Czechia’s National Anti-Drug Coordinator Jindřich Vobořil is preparing a law on the sale and purchasing of cannabis.
The state could gain billions in taxes thanks to a controlled cannabis market, Czech National Drug Coordinator Jindřich Vobořil told ČTK in an interview today.
A controlled cannabis market could bring an additional 15 billion crowns in taxes annually to the state budget.
Before the introduction of a regulated market, marihuana growers would need a licence and the law would clearly specify to who they could deliver their product to. Drug Coordinators of the Member States began discussing the regulation of the cannabis market in the EU in Prague today.
The strategy envisages legalizing the sale of marijuana under strict conditions, taxation of addictive substances depending on how harmful they are, the launch of a regulated cannabis market and increased government spending on addiction prevention and treatment.
The forthcoming rules should concern not only sales but also production.
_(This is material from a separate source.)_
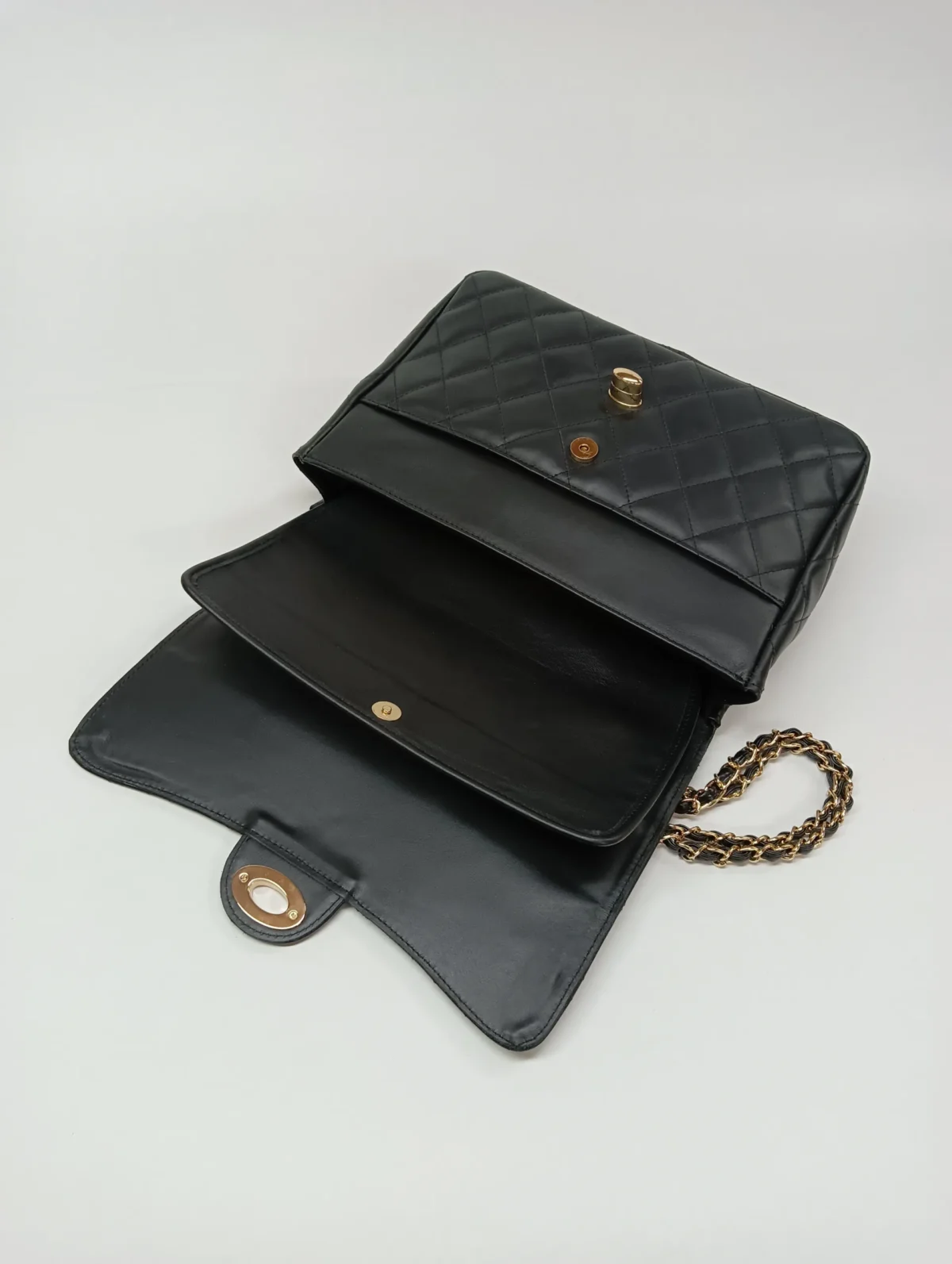 Timeless Elegance Diamonds Max Bag - Image 6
The new measures should establish the level of narcotic substances that legal marihuana products can contain. Some shop owners could also receive a license, Vobořil said.
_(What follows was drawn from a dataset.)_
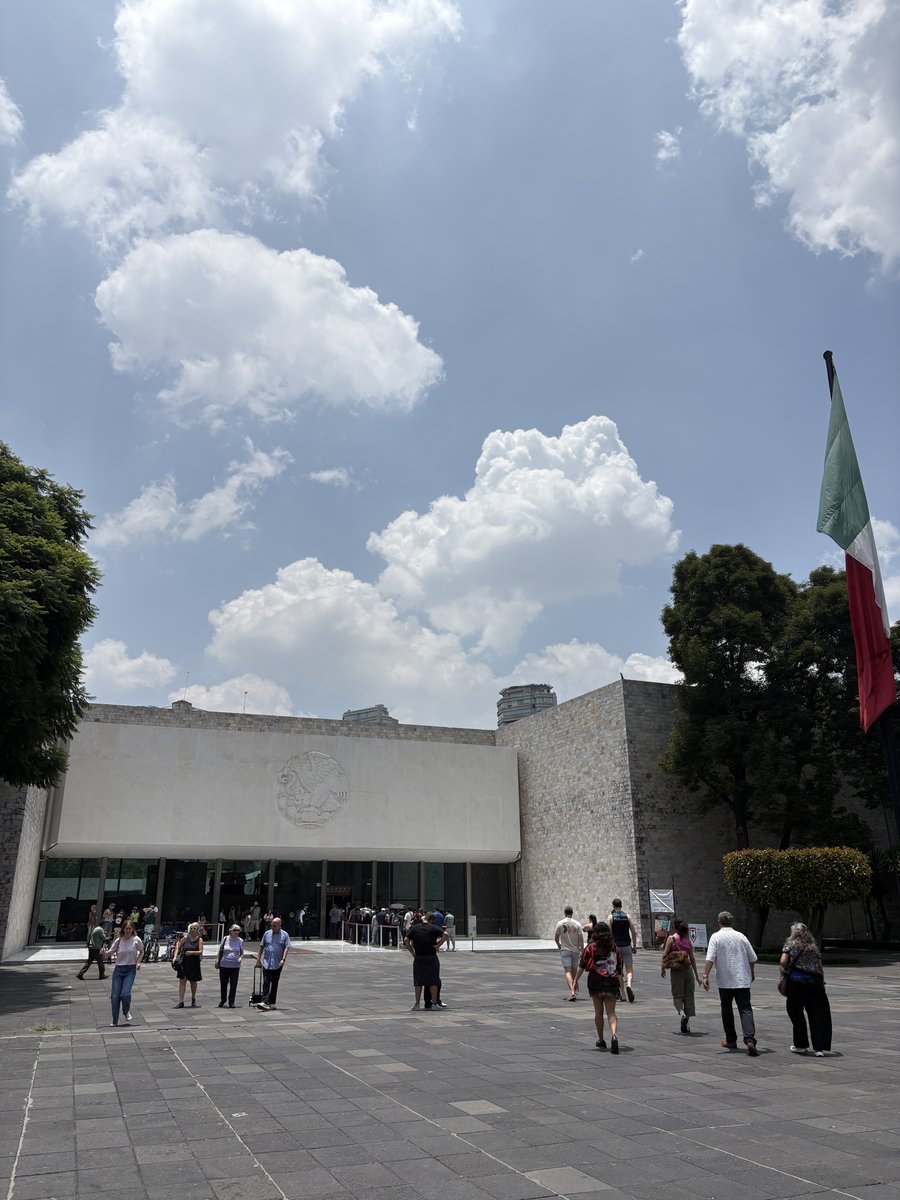 国立人類学博物館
“Marihuana won’t be in every newsstand. The amount of marihuana that people could purchase would be limited and buyers could be required to register with the state, he said,” added Vobořil.
Spending on prevention, now at around 300 million crowns, should rise to one billion crowns annually.
Luxembourg, Malta, the Netherlands, and Germany are also planning a new regulation. Vobořil points out that Germany wants a legislative proposal by the end of the year.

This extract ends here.